In my early days in Canada, the youth of my Parish had invited me to a marshmallow roast. My parish priest had a hard time explaining what marsh mellows were. He gave up when I couldn't figure it out. Needless to say that my experience at that evening's campfire party was even more confounding. I watched with amazement as these youths happily ate the roasted white stuff. I joined in the fun in no time and today, I am usually the first to point out that there are marsh mellows in a cake if it tasted so.

I also remember an encounter with grade six students. One of the kids had mentioned how she hated the vegetable, broccoli. I thought the name sounded like a beautiful person's name and I said, "God wants us to love everyone and to see the other as our brother or sister, so try love Broccoli. They laughed and still today, they jokingly call me "Fr. Broccoli. 

Cultural relativism makes culture comparison useless. I wholly subscribe to the truth that no culture is better than the other. Like Schefflen and Schefflen rightly pointed out in their book, Eternity of Gestures, "when two people meet, they adjust their hand shakes according to their cultures". We all must make cultural adjustments. Most Canadians tell me I speak English with an accent but they forget that I also have to listen doubly hard to understand when they speak English. They also speak with an accent!

The communitarian life style of Africans poses the greatest challenge for us in understanding the ways of the North Americans. An African child was raised not only by his parents but also by the whole community. The child has a right to enjoy savoring the wisdom and guidance of the elders in the community and the elders in turn have an obligation and duty to see to the child's integral growth and development.
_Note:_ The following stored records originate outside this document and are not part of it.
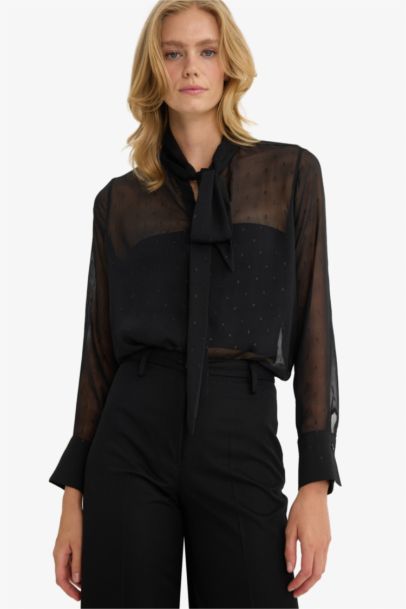 Regular Fit Long Sleeve Blouse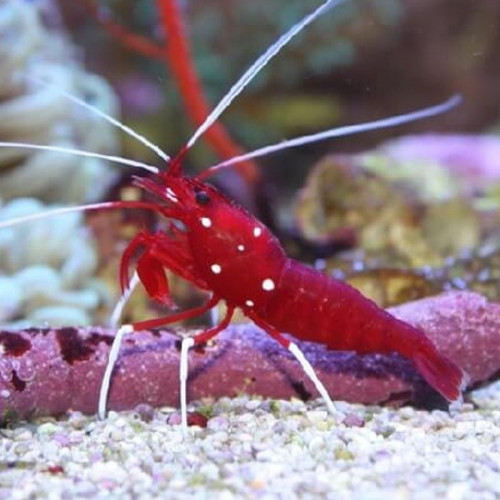 Lot de Détritivores a vendre pour eau de mer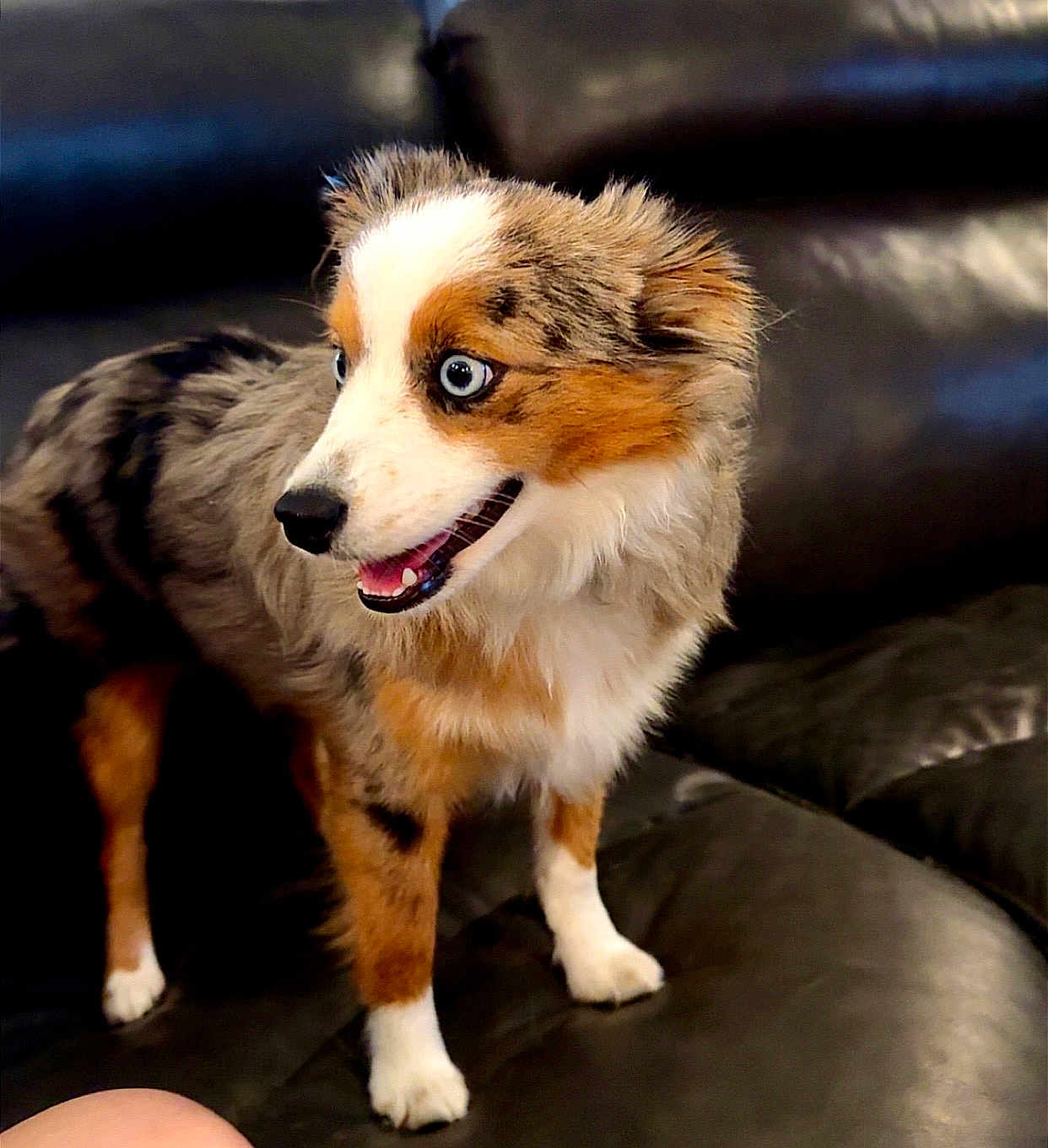 Lemon joined the competition — help win amazing prizes! dog, blue_eyes, tri_color_coat, alert, indoor, leather_couch, pet, animal, fur, canine, happy, standing, playful, looking_away, close_up, companion, domestic_animal, friendly, cute, young_dog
I need not phone ahead to set up an appointment to visit your house. It is an honour to me if you visited my house, even when not invited.

Canada is a very advanced country and the society is very highly organized but it is complex! One can not but cherish the ingenuity of all the people working to make its increasing complexity into increasing consciousness of a very just and democratic society. Perhaps this is what most other countries lack especially when one sees the effects of the upheavals in which they languish.

As an immigrant, there are three questions people ask me the most, "Where are you from?" "Do you like it here?" "When are you going back?" Often my connection with people depends on how well they thought I answered these tough questions.

I can only plead for patience and understanding with an immigrant who is making a conscious effort at acclimatizing. I speak from experience here. As an immigrant from a hitherto British colony, I was used to prizing high, my Queen's English and polished English vocabulary until I was corrected by a well wisher, that, "in North America, "Madam" was not a polite and respectable way of addressing a woman"! Do you see what I mean? The immigrant must be allowed the time and opportunity to learn and unlearn, to get inculturated and enculturated and also to grow in the new culture that he/she strives to embrace. It calls for a dual reciprocity and this can only be achieved by a disposition of fraternal charity- the newcomer and the host.